What the task asks –
In the listing beneath this line, copy exactly the lines starting with the one containing "First up we" and going on through the one containing "My name is Maddie".

Records to use –

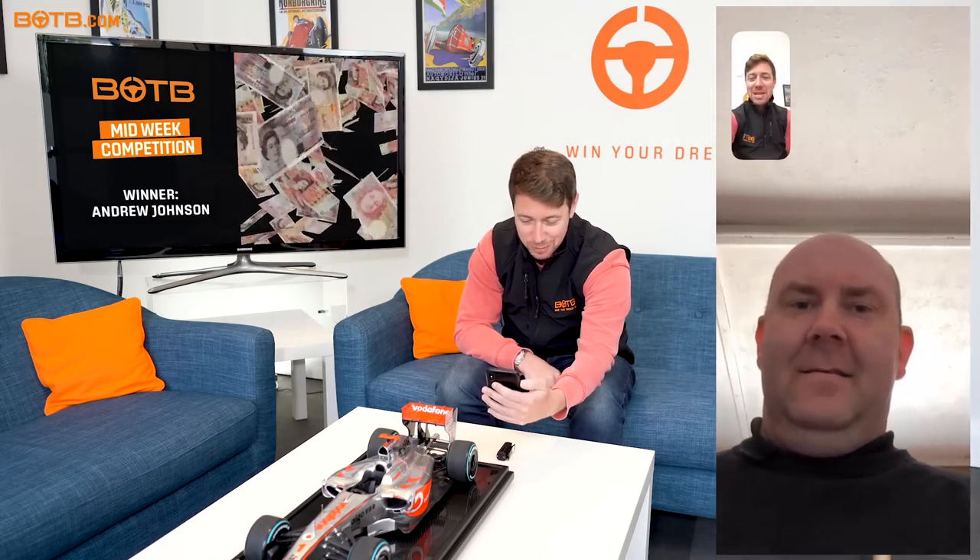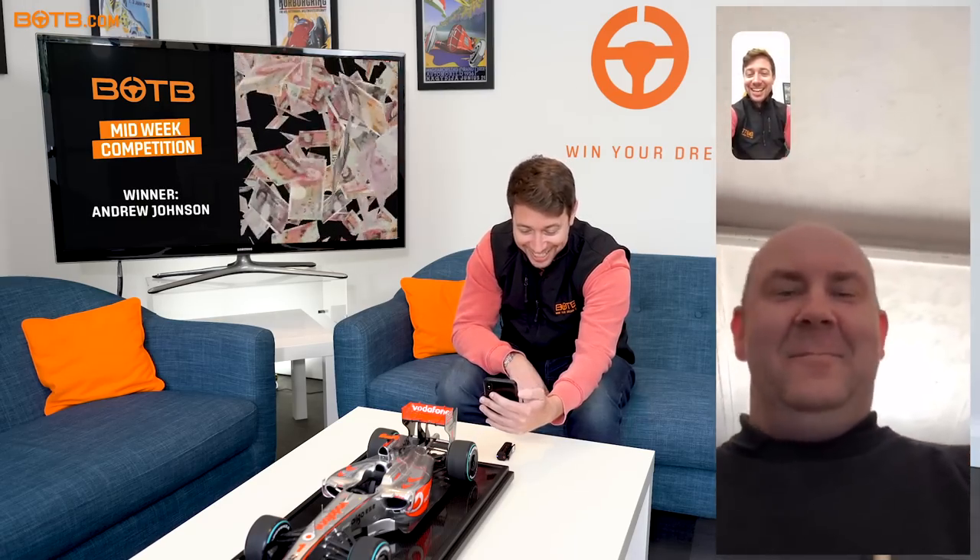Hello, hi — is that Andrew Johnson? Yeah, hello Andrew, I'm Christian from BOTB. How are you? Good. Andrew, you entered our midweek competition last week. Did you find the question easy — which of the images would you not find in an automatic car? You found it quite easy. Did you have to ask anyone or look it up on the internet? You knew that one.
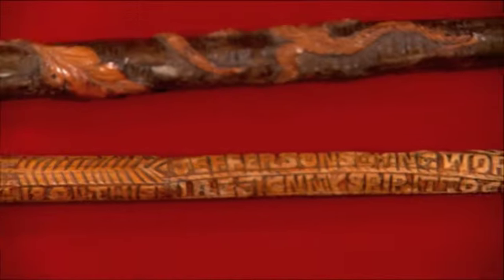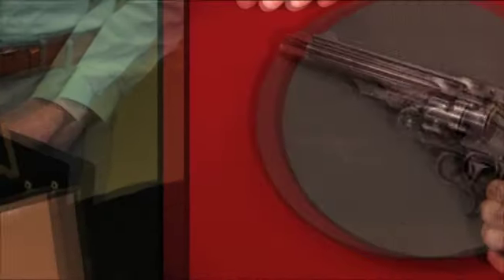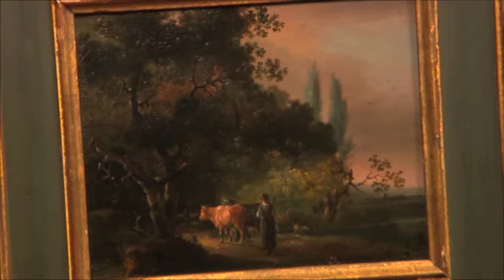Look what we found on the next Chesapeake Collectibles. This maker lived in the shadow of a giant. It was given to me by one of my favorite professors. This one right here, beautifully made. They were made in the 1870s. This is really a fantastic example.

* * *

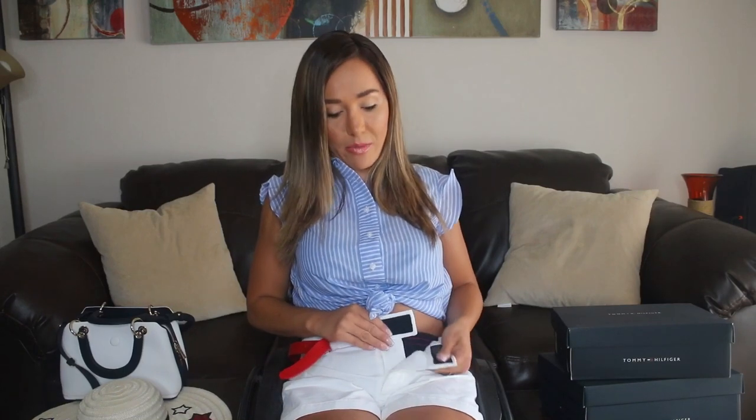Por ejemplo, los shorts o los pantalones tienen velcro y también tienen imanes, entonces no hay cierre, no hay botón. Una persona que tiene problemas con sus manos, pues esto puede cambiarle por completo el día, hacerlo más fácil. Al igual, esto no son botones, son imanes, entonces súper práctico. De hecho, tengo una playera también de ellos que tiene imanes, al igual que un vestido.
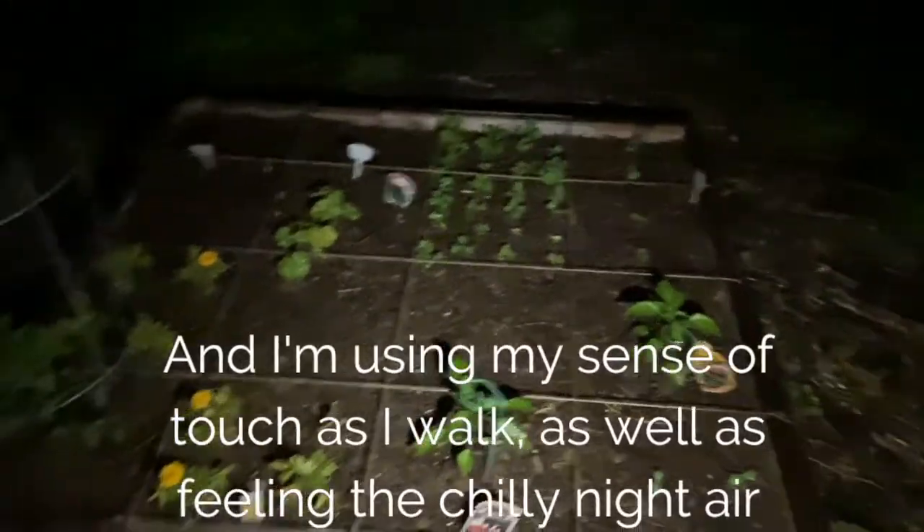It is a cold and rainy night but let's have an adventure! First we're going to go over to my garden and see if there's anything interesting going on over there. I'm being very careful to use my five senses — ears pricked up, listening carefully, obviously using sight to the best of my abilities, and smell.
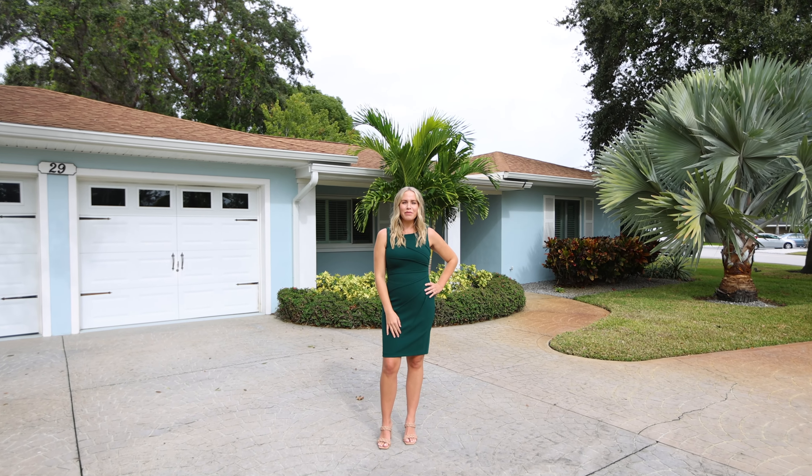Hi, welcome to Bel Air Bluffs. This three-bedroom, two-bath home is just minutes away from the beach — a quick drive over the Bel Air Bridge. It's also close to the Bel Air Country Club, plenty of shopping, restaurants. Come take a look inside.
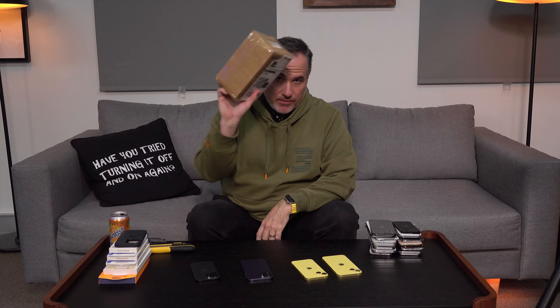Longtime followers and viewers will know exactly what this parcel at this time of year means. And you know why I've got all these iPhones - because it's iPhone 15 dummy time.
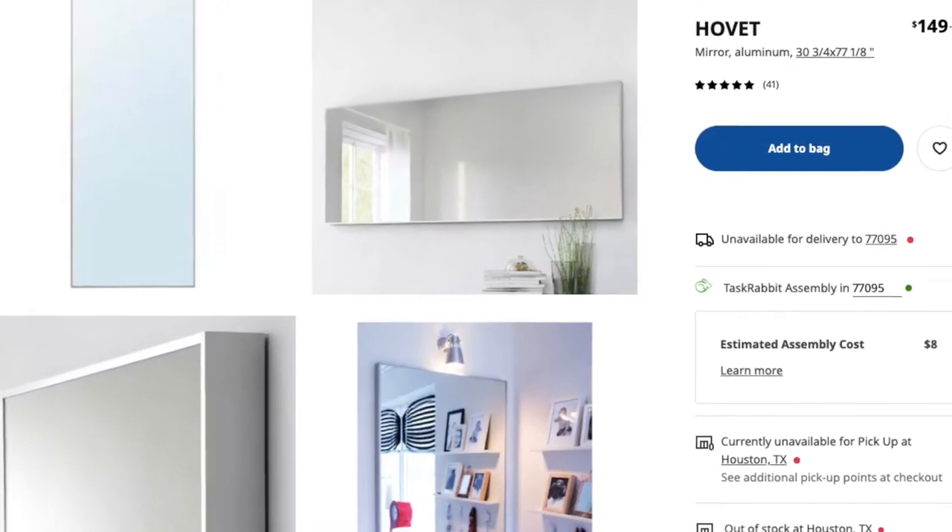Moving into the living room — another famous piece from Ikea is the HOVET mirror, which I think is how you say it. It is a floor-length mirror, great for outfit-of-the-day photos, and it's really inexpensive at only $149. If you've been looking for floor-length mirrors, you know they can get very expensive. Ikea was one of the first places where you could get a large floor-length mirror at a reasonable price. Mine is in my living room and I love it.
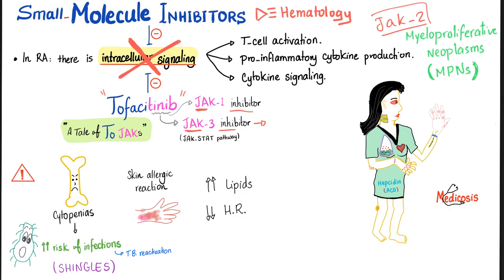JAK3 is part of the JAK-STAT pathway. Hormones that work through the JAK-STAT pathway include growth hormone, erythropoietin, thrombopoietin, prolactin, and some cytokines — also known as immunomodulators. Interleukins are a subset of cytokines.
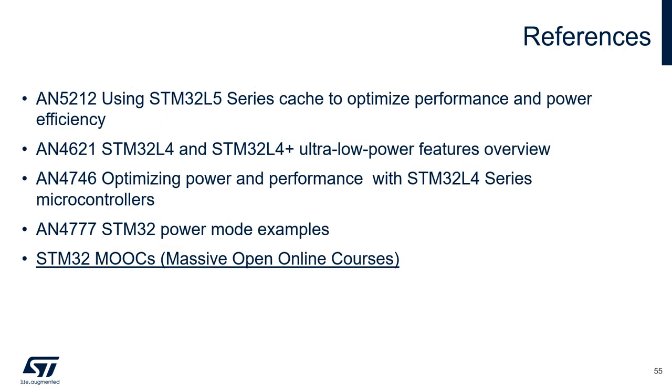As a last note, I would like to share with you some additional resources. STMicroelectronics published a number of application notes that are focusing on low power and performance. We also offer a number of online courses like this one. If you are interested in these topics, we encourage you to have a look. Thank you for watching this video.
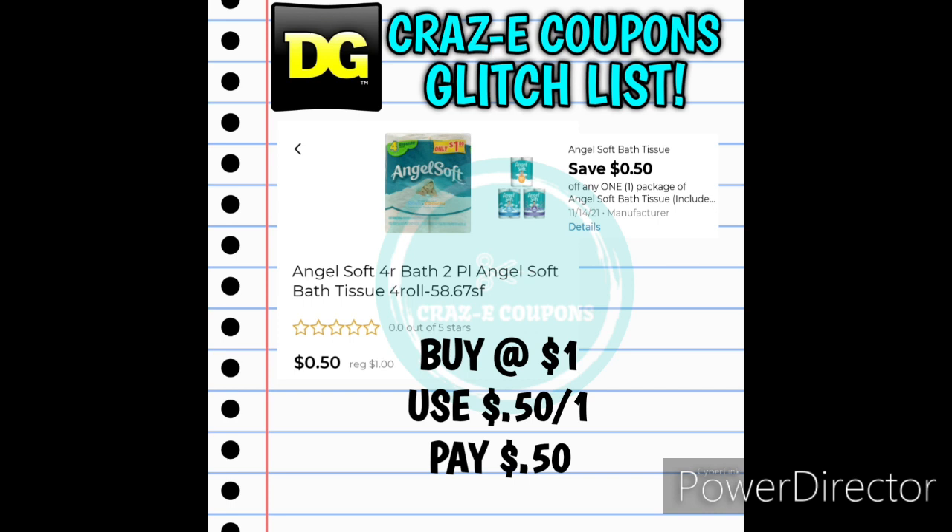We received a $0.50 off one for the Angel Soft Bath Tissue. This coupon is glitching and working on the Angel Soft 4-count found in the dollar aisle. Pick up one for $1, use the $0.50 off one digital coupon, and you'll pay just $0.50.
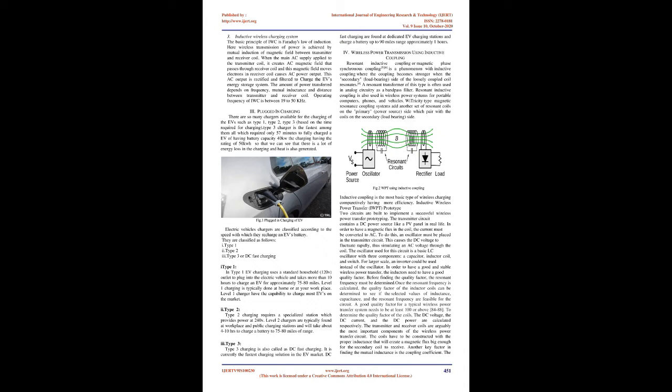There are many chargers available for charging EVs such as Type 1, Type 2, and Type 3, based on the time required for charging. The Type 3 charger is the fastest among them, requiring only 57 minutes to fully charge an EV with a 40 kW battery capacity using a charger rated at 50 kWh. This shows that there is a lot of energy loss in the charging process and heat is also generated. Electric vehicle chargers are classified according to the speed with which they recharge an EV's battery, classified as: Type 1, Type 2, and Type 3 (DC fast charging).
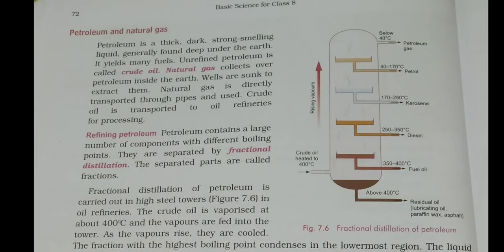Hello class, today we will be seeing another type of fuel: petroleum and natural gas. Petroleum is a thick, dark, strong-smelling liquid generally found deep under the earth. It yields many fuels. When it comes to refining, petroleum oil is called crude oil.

* * *

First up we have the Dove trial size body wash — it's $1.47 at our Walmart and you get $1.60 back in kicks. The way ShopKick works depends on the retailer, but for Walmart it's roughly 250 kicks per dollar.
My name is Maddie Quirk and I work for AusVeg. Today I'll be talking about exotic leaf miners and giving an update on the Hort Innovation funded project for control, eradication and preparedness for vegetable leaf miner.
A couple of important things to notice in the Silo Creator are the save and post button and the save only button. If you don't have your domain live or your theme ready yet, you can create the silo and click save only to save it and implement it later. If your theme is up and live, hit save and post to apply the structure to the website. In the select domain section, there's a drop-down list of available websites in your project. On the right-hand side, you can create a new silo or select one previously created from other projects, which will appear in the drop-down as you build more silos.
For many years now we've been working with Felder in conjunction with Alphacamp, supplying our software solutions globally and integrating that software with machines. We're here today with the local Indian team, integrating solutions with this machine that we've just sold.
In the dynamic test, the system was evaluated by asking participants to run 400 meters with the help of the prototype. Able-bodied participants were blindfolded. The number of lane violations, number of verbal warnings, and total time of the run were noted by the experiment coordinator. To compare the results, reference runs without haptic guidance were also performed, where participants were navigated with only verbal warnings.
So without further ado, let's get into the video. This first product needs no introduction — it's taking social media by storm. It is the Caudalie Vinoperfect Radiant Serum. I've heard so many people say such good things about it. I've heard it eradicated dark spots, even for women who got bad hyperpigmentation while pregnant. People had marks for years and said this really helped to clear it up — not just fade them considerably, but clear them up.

Solved exercise –
First up we have the Dove trial size body wash — it's $1.47 at our Walmart and you get $1.60 back in kicks. The way ShopKick works depends on the retailer, but for Walmart it's roughly 250 kicks per dollar.
My name is Maddie Quirk and I work for AusVeg. Today I'll be talking about exotic leaf miners and giving an update on the Hort Innovation funded project for control, eradication and preparedness for vegetable leaf miner.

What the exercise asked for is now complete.